Tuesday, 5 February 2013

You Can't Do That! Can You...?

The laws associated with photography are quite clear, but not widely known.  What can and can’t be done regarding photographs and photography seems to be clouded in confusion.  I speak to a lot of people who are either unaware of what is and isn’t allowed or hold a belief that is the polar opposite of what is actually true!  This post aims to dispel a few myths…

I’ve bought it so it’s mine!
People often believe that because they have purchased a printed photo from me that it is theirs and they are entitled to do with it as they please.  I’m referring to scanning of course.  This is not the case.  Yes, the individual copy of that photograph is yours, but only that copy.  If you would like another copy of a photograph you will need to buy it.  Ownership of any photograph remains with the photographer and only he/she can make copies of that photograph.

The only exception here is by giving (usually written) permission to someone else.  In this case there would usually be some form of compensation.  I often sell digital copies of photographs to people and give them permission to print.  In this case ownership of the photo remains with the photographer who still retains all his original rights.  The only right the customer has here is to print off multiple copies.

It’s a theme that runs through this post, but you do not automatically own any rights to pictures of you unless you took them yourself.
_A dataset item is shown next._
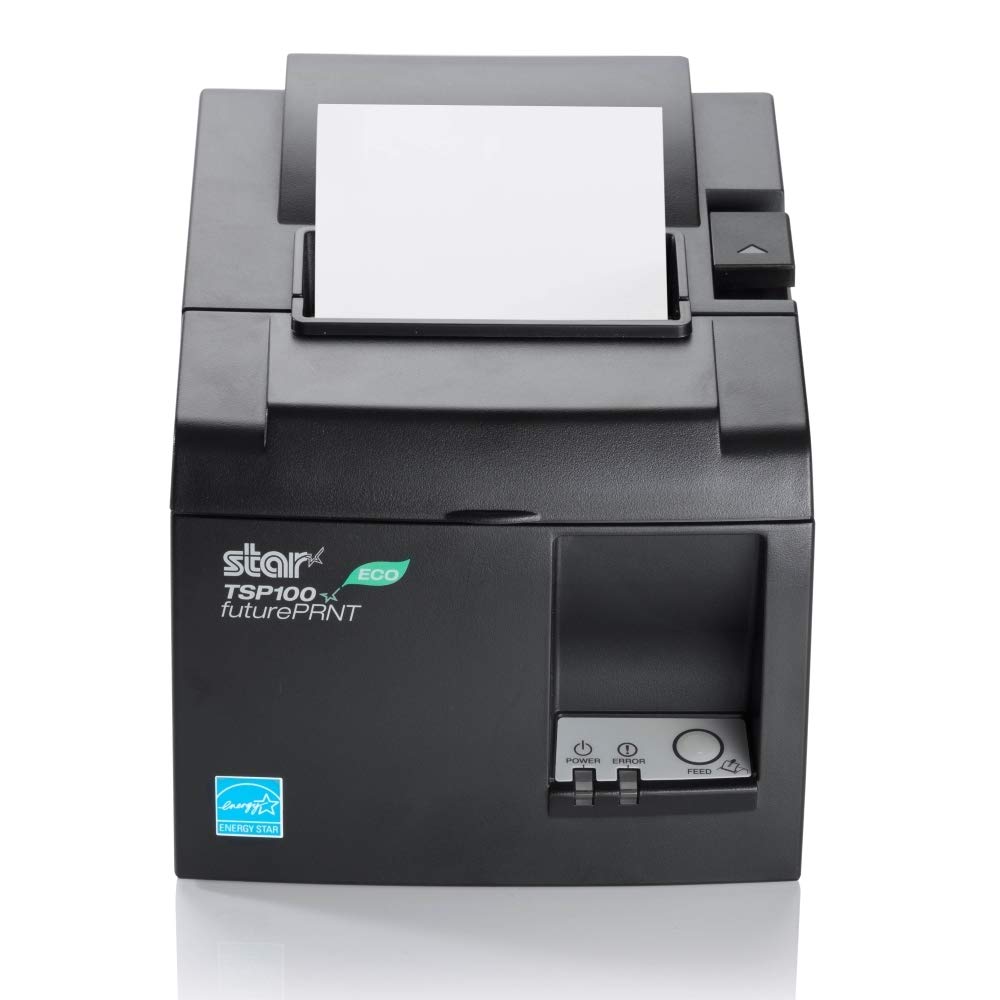 QuickBooks POS Compatible Thermal Receipt Printer Paper - 200 Rolls for Retail Stores, Restaurants & Small Businesses - High-Speed Printing for Smooth Checkout Experience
It’s on the internet so it’s public property!
This is absolutely not the case.  A photograph will always remain the property of the photographer and copyright will remain with him/her unless assigned to someone else.  This is as much the case with photos you may find on the internet.

You may not save, copy, edit, reproduce, print or in any way use an image, whole or in part, that you find on the internet without express consent from the copyright owner.  Basically, all you’re allowed to do with pictures you see on the internet is look at them!

That goes for things you come across in Google Images, and photos you see on photographers’ portfolios on Facebook.  Even if you’re in the picture!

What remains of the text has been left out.